Companies grow. Teams expand. If you're well-placed in your industry and providing in-demand services or products, this is happening to you. Individuals and small teams tend to deal with this sort of change pretty well. At an organizational level, however, this sort of change tends to have an impact that can bring a group down, or rocket it up to the next level.

Of the many issues faced by growing companies (or rapidly growing orgs within large companies), the structuring one can be most problematic: "Our old structures, though comfortable, won't scale well with all these new teams and all the new hires joining our existing teams. How do we reorganize? Where do we put folks? Are there natural lines along which we can provide better management (and vision!) structure?"

The answer, of course, is "yes" -- but! It requires careful analysis and a deep understanding every team in your org.

The remainder of this post will set up a scenario and then figure out how to do a re-org. I use a software engineering org as an example, but that's just because I have a long and intimate knowledge of them and understand the ways in which one can classify such teams. These same methods could be applied a Sales group, Marketing groups, etc., as long as you know the characteristics that define the teams of which these orgs are comprised.



Introducing ACME

ACME Corporation is the leading producer of some of the most innovative products of the 20th century. The CTO had previously tasked you, the VP of Software Development to bring this product line into the digital age -- and you did! Your great ideas for the updated suite are the new hottness that everyone is clamouring for.

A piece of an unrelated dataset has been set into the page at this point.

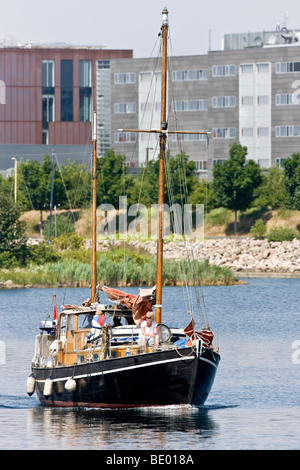 Vieille deux-mâts dans le port, Copenhague, Danemark, Europe Banque D'Images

Subsequently, the growth of your teams has been fast, and dare we say, exponential.

More details on the scenario: your Software Development Group has several teams of engineers, all working on different products or services, each of which supports ACME Corporation in different ways. In the past 2 years, you've built up your org by an order of magnitude in size. You've started promoting and hiring more managers and directors to help organize these teams into sensible encapsulating structures. These larger groups, once identified, would comprise the whole Development Group.

Ideally, the new groups would represent some aspect of the company, software development, engineering, and product vision -- in other words, some sensible clustering of teams doing related work. How would you group the teams in the most natural way?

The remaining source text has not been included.